Art Rolnick, a former research chief at the Minneapolis Fed whose early career overlapped with Sargent's at the University of Minnesota, said other economists initially dismissed the rational expectations theory because central banks a half century ago had not built a track record of trying to control inflation.

Running through the list of Fed leaders since the 1970s, Rolnick said, "Over the years now, because of Volcker and continued with Greenspan, Bernanke, Yellen and now Powell, there's been a commitment that we will lower inflation and keep it low. That's the best thing we can do for the economy. And it looks pretty good right now for that theory."

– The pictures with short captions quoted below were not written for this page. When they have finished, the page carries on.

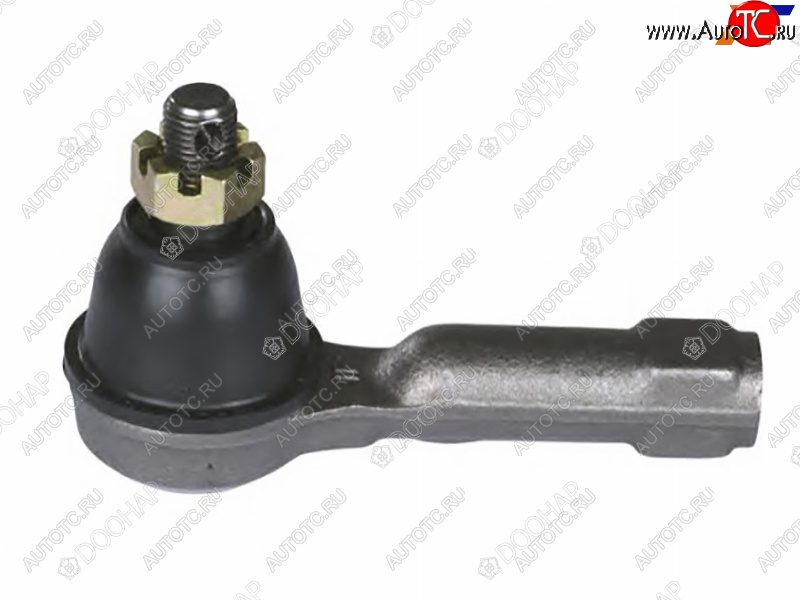879 р. Правый=левый наконечник рулевой тяги DOOHAP Nissan Sunny N14 (1990-1998)  с доставкой в г. Майкоп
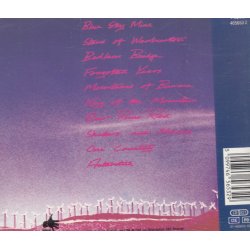 Blue Sky Mining (CD)
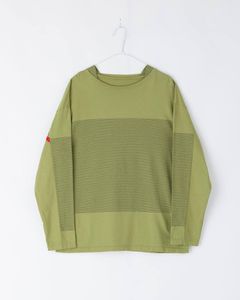 Shadow Tee LS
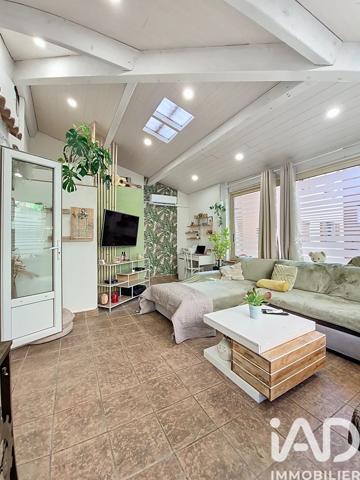 Maison à vendre 4 pièces 118 m² Lardier-et-Valença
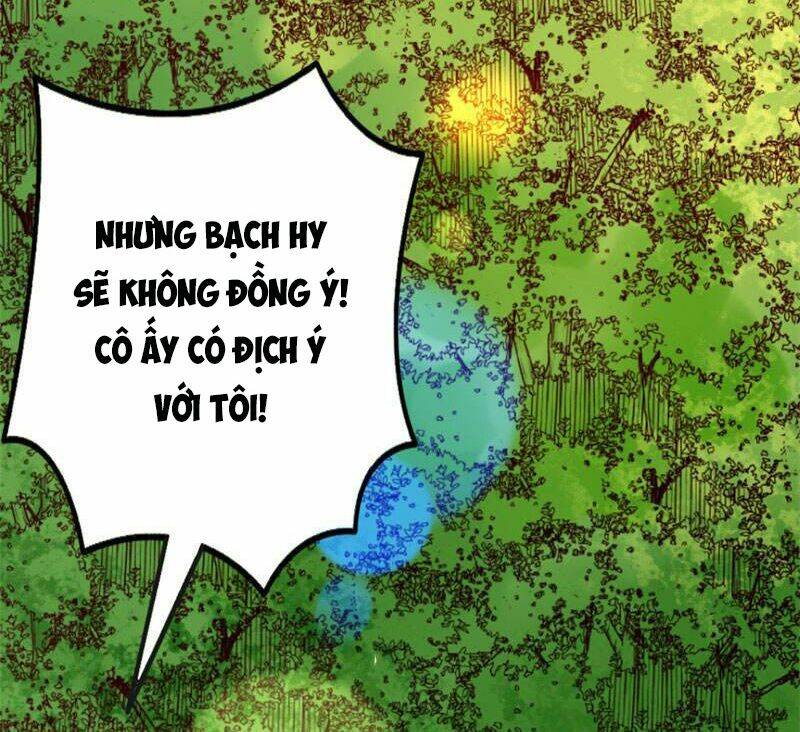 Này! Đừng Động Vào Phô Mai Của Tôi: Chapter 82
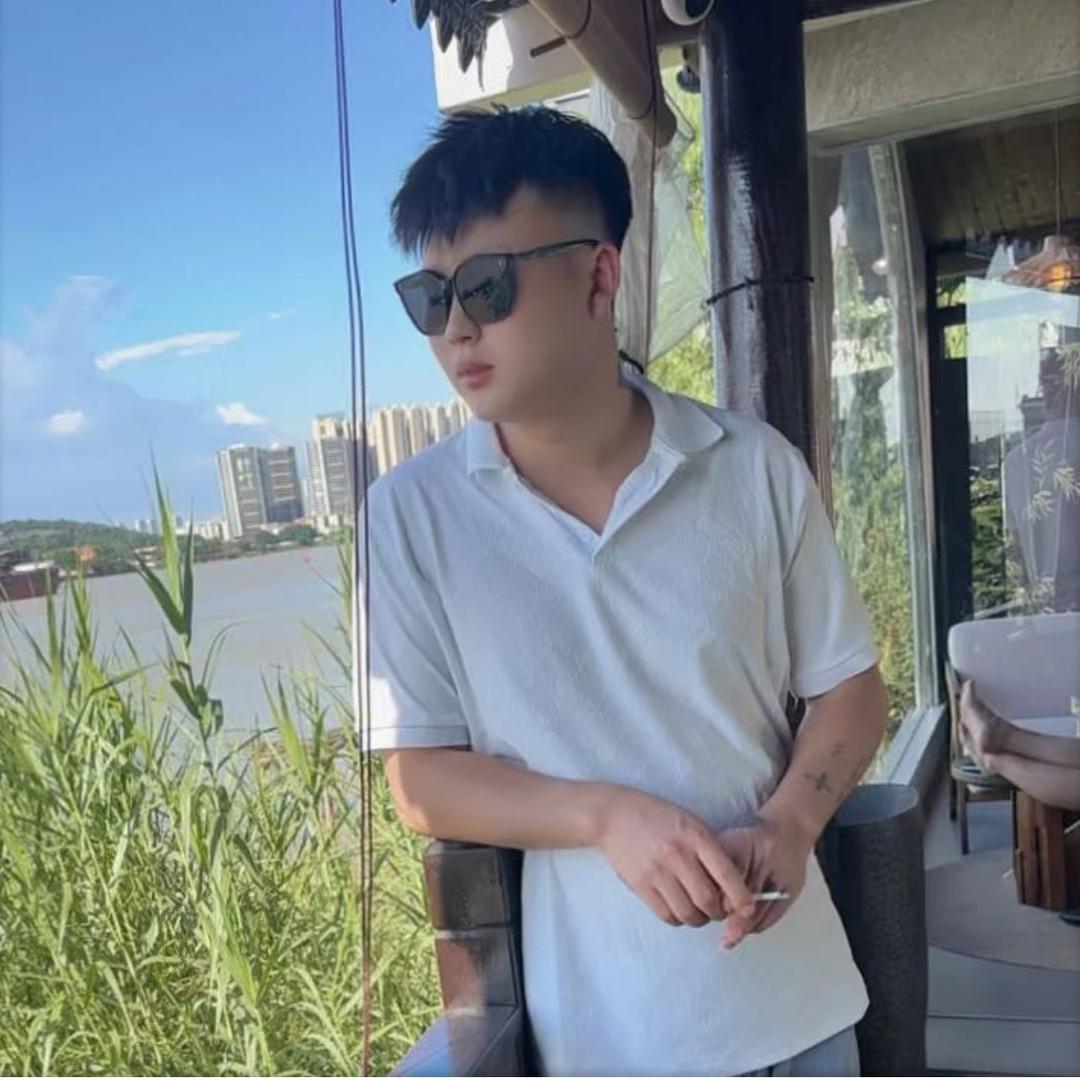 磊磊……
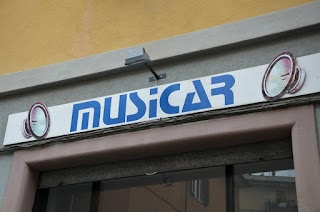 Musicar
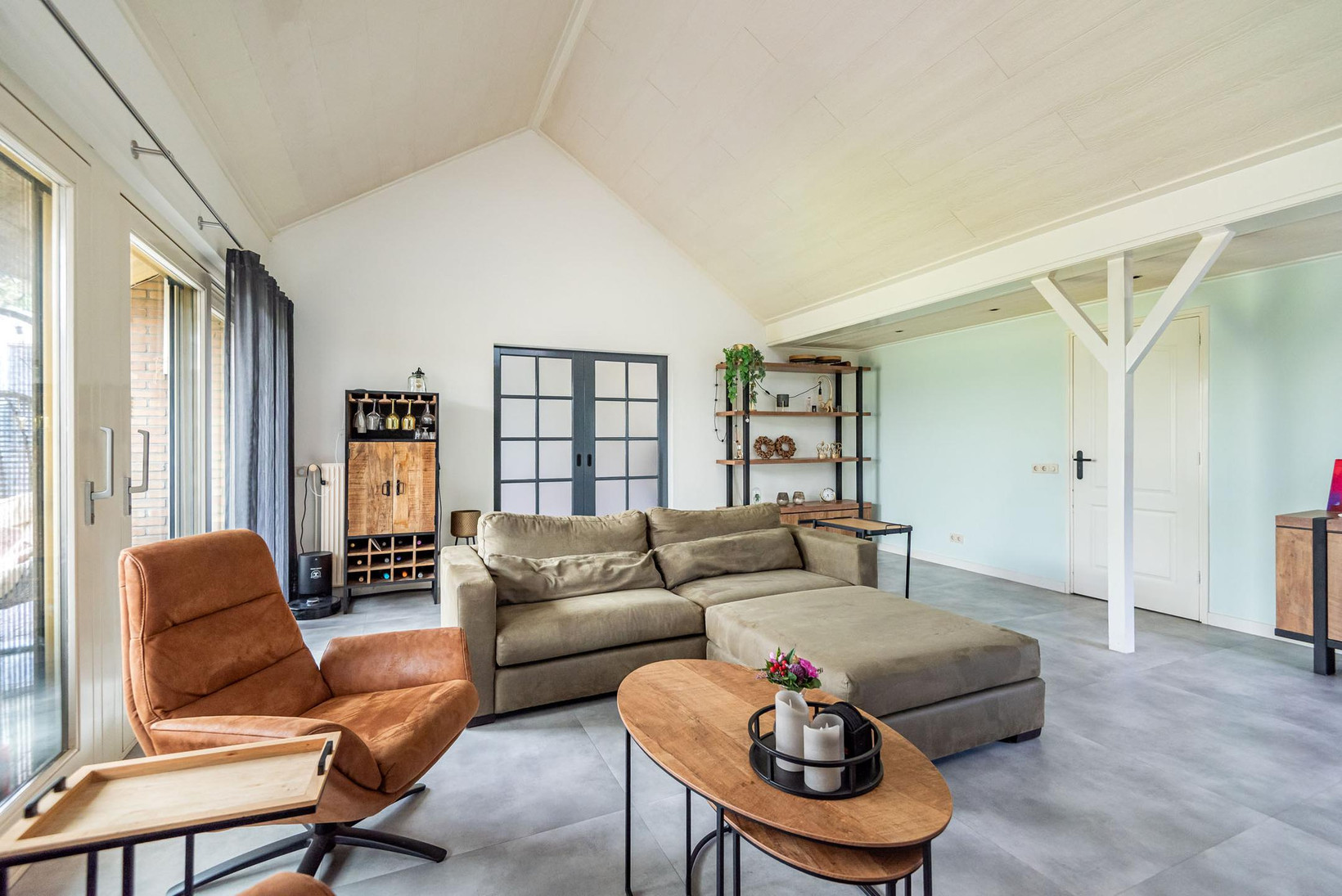 Vrijstaande woning te koop: Berghseweg 33, Varsselder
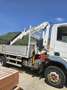 Iveco IVECO EUROCARGO 120E18 con Cassone Gru Bonfiglioli bijela - thumbnail 2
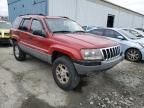 2002 Jeep Grand Cherokee Sport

Tyler Cowen, the polymath economist at George Mason University, called it early, with a column in July 2023 for Bloomberg headlined "Divided Public Believed Enough in Fed to Avoid A Recession." He wrote, "If the central bank announces a lower inflation target, and most people believe the central bank, wages and prices adjust in rough sync with demand."

Fed Chair Jerome Powell didn't mention the importance of expectations management until last month. In a speech to other central bankers and economists at their annual gathering in Jackson Hole, Wyoming, Powell said the rational expectations theory hadn't been tested in more than 20 years because there's been no significant inflation in that time. "It was far from assured" people would believe the Fed, or "anchor" their expectations, Powell said.

"Disinflation while preserving labor market strength is only possible with anchored inflation expectations, which reflect the public's confidence that the central bank will bring about 2% inflation over time," Powell said. "That confidence has been built over decades and reinforced by our actions."